[[ Exercise materials open ]]
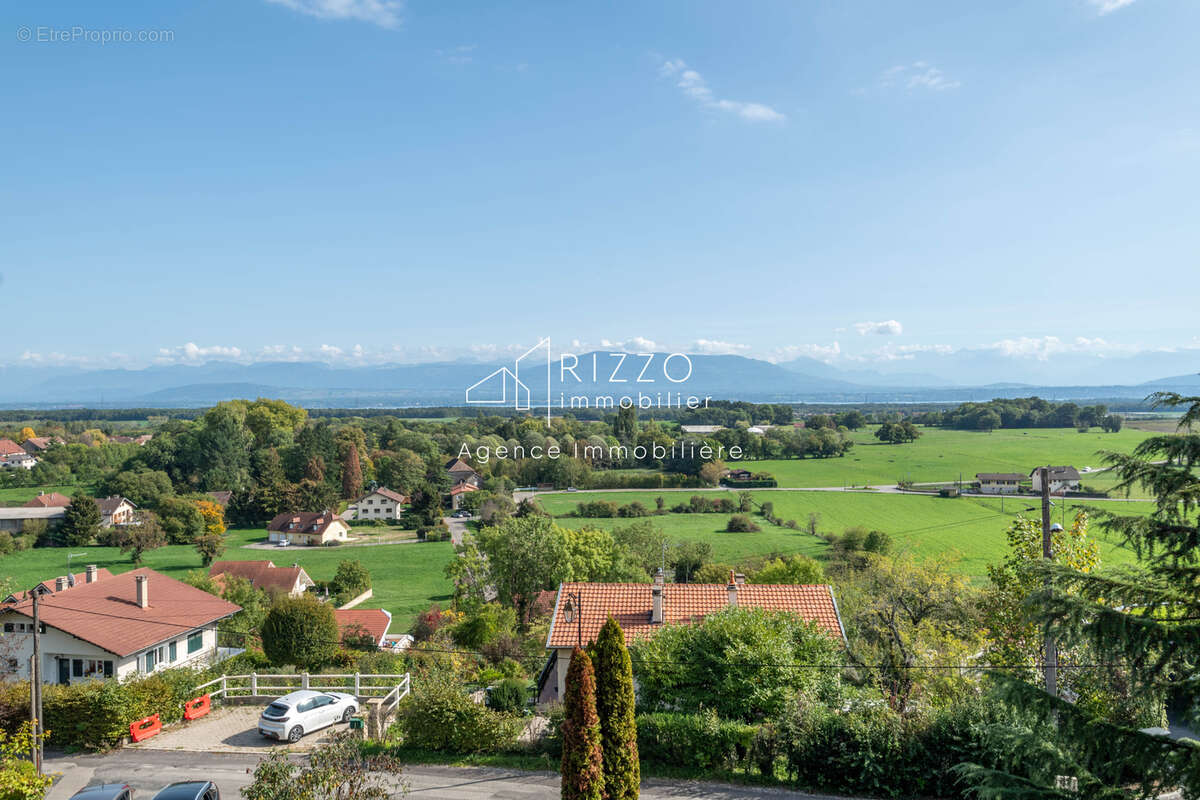 Chalet avec vue exceptionnelle Lac Léman & Mont Blanc   2 logements   227 m2 - photo 24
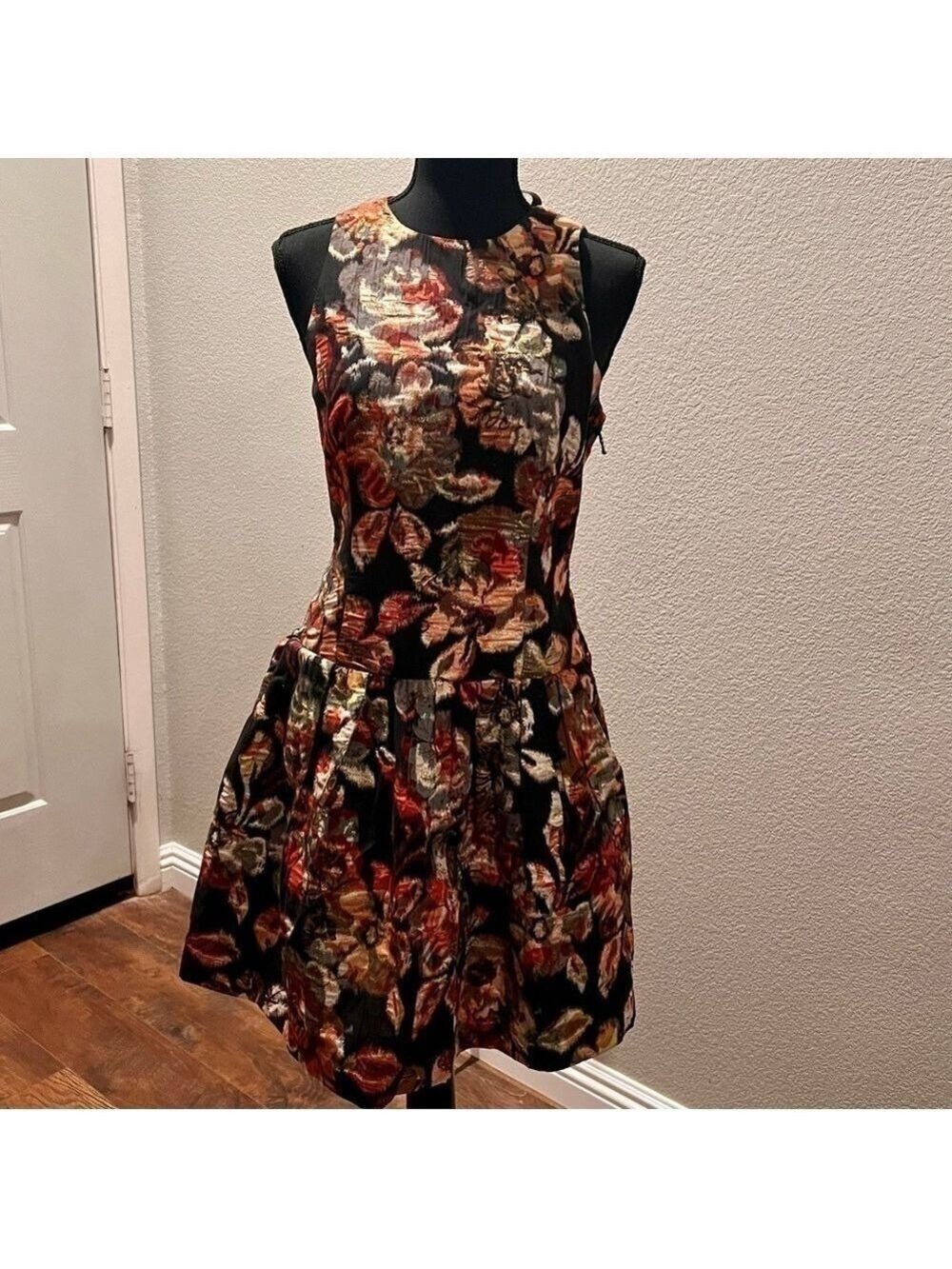 ANTHROPOLOGIE LEIFSDOTTIR metallic brocade dress. Size 4
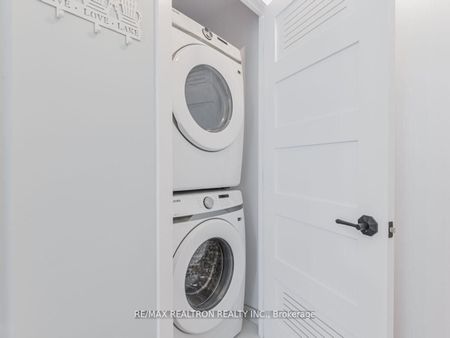 For Lease - 415 Sea Ray Avenue Unit# 127, Innisfil, Ontario - Photo 3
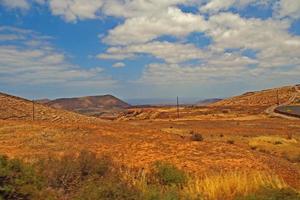 l calme été nuageux paysage de le Espagnol canari île lanzarote photo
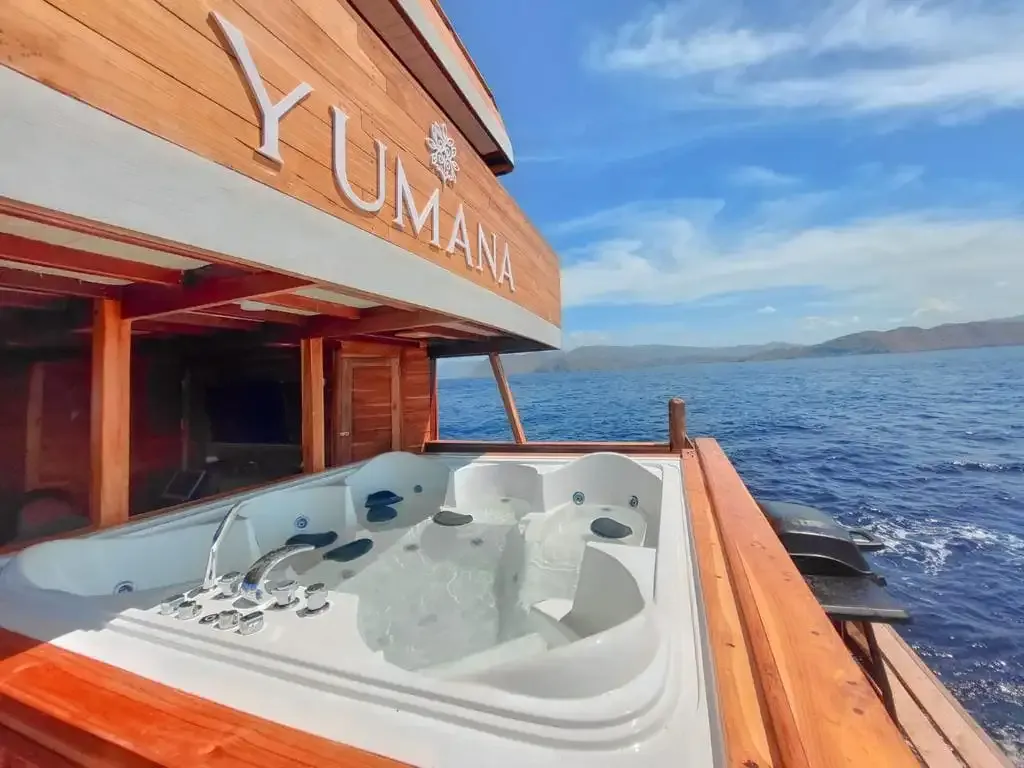 Yumana deck jacuzzi &mdash; Komodo National Park
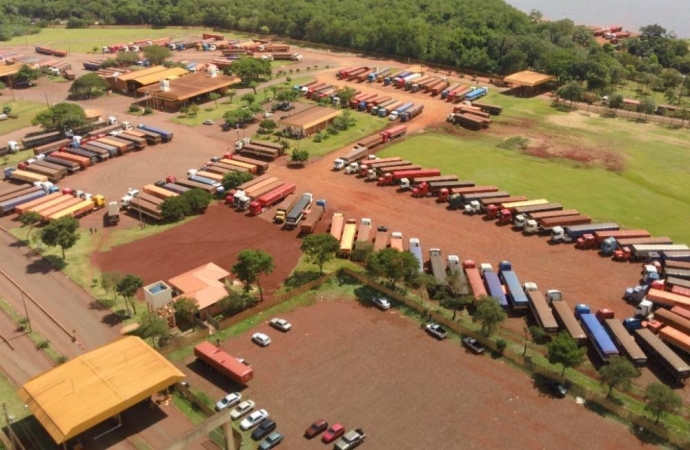 Paralelo às obras no Paraguai, Porto Internacional de Santa Helena vê movimento aumentar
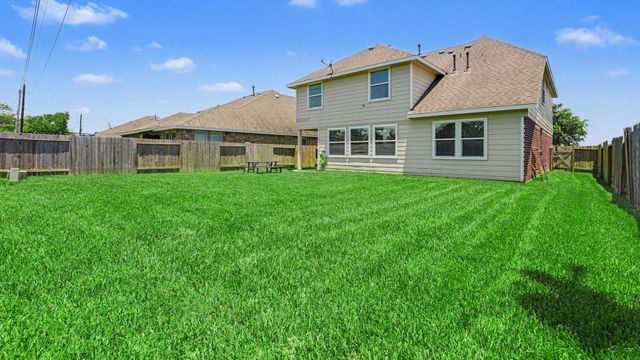 4506 Legends Bay Drive, Baytown, TX 77523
[[ Exercise materials closed ]]
◆ **What is expected**: Could you repeat each line above exactly as written? Omit the pictures.

◆ **Answer space**:
 Chalet avec vue exceptionnelle Lac Léman & Mont Blanc   2 logements   227 m2 - photo 24
 ANTHROPOLOGIE LEIFSDOTTIR metallic brocade dress. Size 4
 For Lease - 415 Sea Ray Avenue Unit# 127, Innisfil, Ontario - Photo 3
 l calme été nuageux paysage de le Espagnol canari île lanzarote photo
 Yumana deck jacuzzi &mdash; Komodo National Park
 Paralelo às obras no Paraguai, Porto Internacional de Santa Helena vê movimento aumentar
 4506 Legends Bay Drive, Baytown, TX 77523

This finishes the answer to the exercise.